Let f(x)=(x^2-8)e^x . How do I determine the inflection points and the intervals on which the given equation is concave up or down?

You take the second derivative and set it equal to 0 to find the inflection points; this function doesn't have points where the second derivative fails to exist. You should check to see that this is an inflection point. This is necessary but not sufficient if the second derivative exists everywhere. If, on either side of the inflection, the second derivative has opposite sign, then it is an inflection.
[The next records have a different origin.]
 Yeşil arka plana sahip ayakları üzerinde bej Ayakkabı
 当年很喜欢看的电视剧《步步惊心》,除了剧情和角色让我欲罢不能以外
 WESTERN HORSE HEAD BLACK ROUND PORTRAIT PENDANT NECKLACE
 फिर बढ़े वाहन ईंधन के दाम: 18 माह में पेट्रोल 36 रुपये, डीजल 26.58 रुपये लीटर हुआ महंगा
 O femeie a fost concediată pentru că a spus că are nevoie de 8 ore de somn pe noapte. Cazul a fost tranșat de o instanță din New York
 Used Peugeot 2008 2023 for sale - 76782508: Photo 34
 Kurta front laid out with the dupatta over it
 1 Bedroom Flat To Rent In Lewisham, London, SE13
Concave up is also referred to as convex; this is where the second derivative is positive. Concave down is where the second derivative is negative. Thus, an inflection point is where the graph switches from being concave up to concave down (or vice-versa, if you are only considering going from left to right).

f(x) = (x^2 - 8)e^x

f'(x) = 2xe^x + (x^2 - 8) e^x

f''(x) = 2e^x + 2xe^x + 2xe^x + (x^2-8)e^x = (x^2 + 4x - 6)e^x

(x^2 + 4x - 6)e^x =0 when (x^2 + 4x - 6) = 0 or x = -2 ± √10

As the second derivative has the same sign as (x^2 + 4x - 6) because e^x is always positive, and x^2 + 4x - 6 is a parabola pointing up, we know that x^2 + 4x - 6 < 0 between its 2 zeroes and positive elsewhere where x^2 + 4x - 6 is not equal to 0. This also tells us that the 2 points where it equals 0 will be inflection points as the sign reverses in both cases at these zeroes.
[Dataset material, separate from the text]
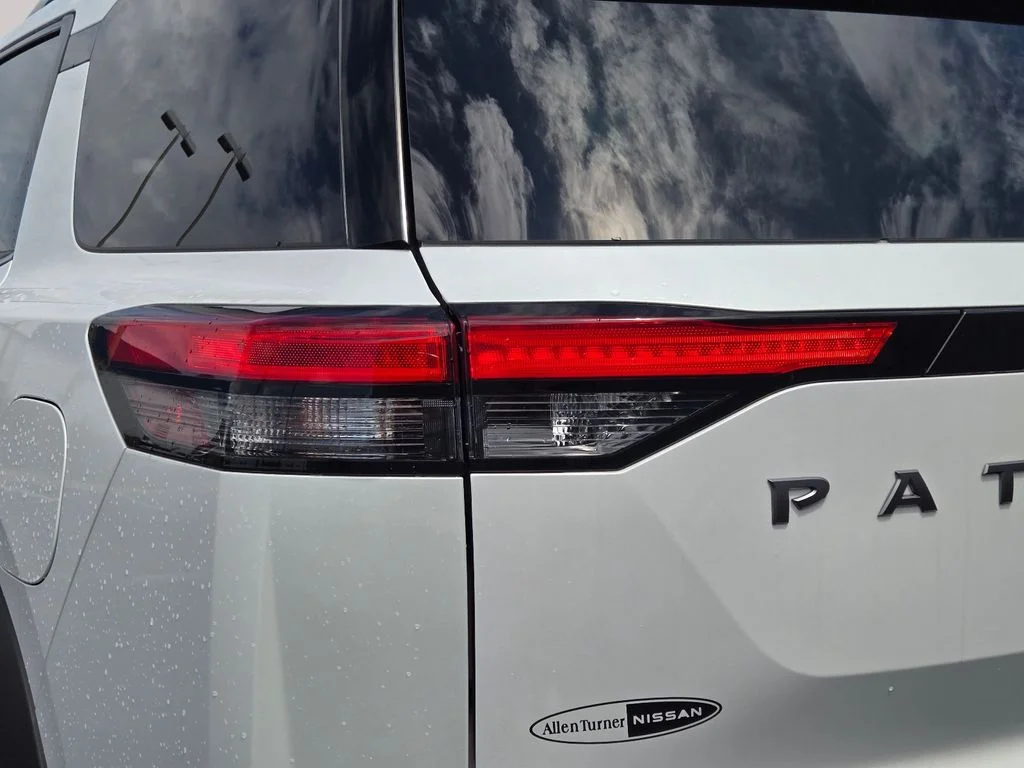 2026 Nissan Pathfinder SV - Photo 9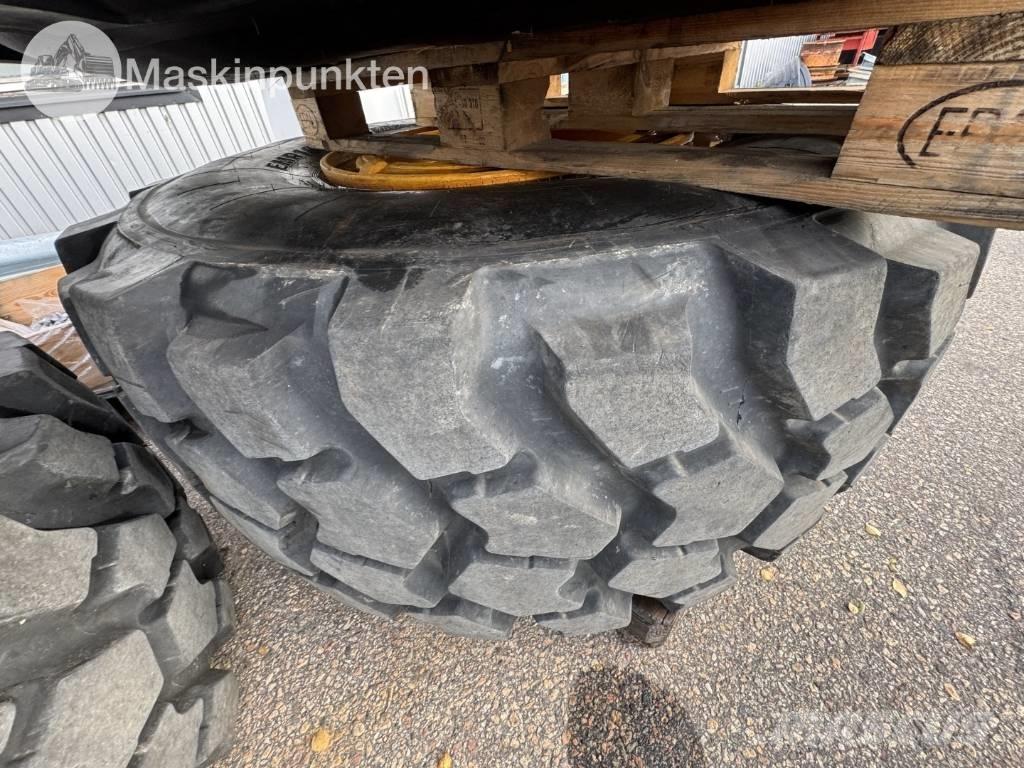 Trelleborg EMR1030 Шины и колёса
Thus, we have inflection points at -2 - √10 and -2 + √10.

The function is concave up on (-∞, -2 - √10) and (-2 - √10, ∞) and concave down on (-2 - √10, -2 + √10)
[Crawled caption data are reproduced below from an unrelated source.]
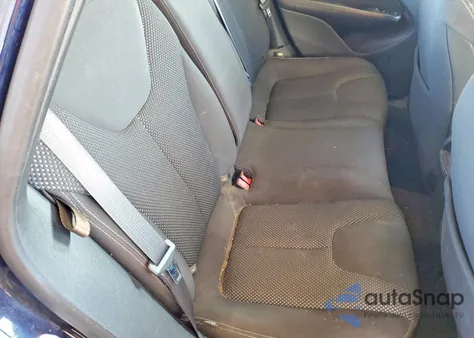 2015 Dodge Dart Sxt z USA, uszkodzony, nr VIN 1C3CDFBB8FD345110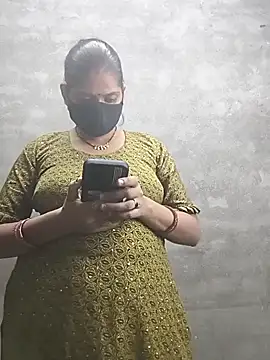 Snapshot of Rasili_bhabhi10 chatting on 10-11-25, 05:30 Rasili bhabhi10 online show from 10-11-25, 05:30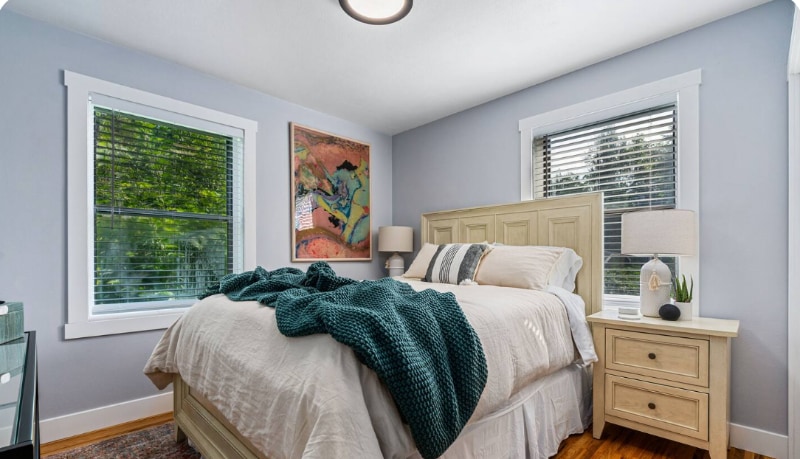 Building Photo - 444 N Oakley St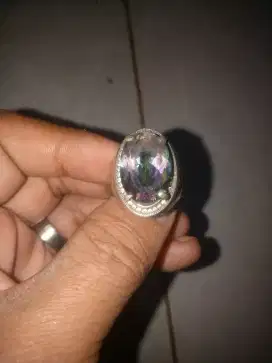 Cincin batu permata mistic quart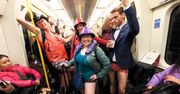 Setki osób bez spodni w metrze. Tłumaczymy, o co chodzi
(Note: it is easy to see in a graph the change from concave down to concave up at -2 + √10, approximately 1.16. The other inflection is harder to see in a graph, but it is clear that this switch has to occur, as the function has to be concave up as it goes toward -∞ because the function's derivative is positive but the function has a horizontal asymptotes

To see this inflection, you can separate the graph into [-9, -4] and [-4, 3]

You can also "know" that we will have at least two inflections because the function is continuous but negative on (-√8, √8) and positive on (-∞, -√8) and (√8, ∞), with a horizontal asymptote at y = 0 for negative x.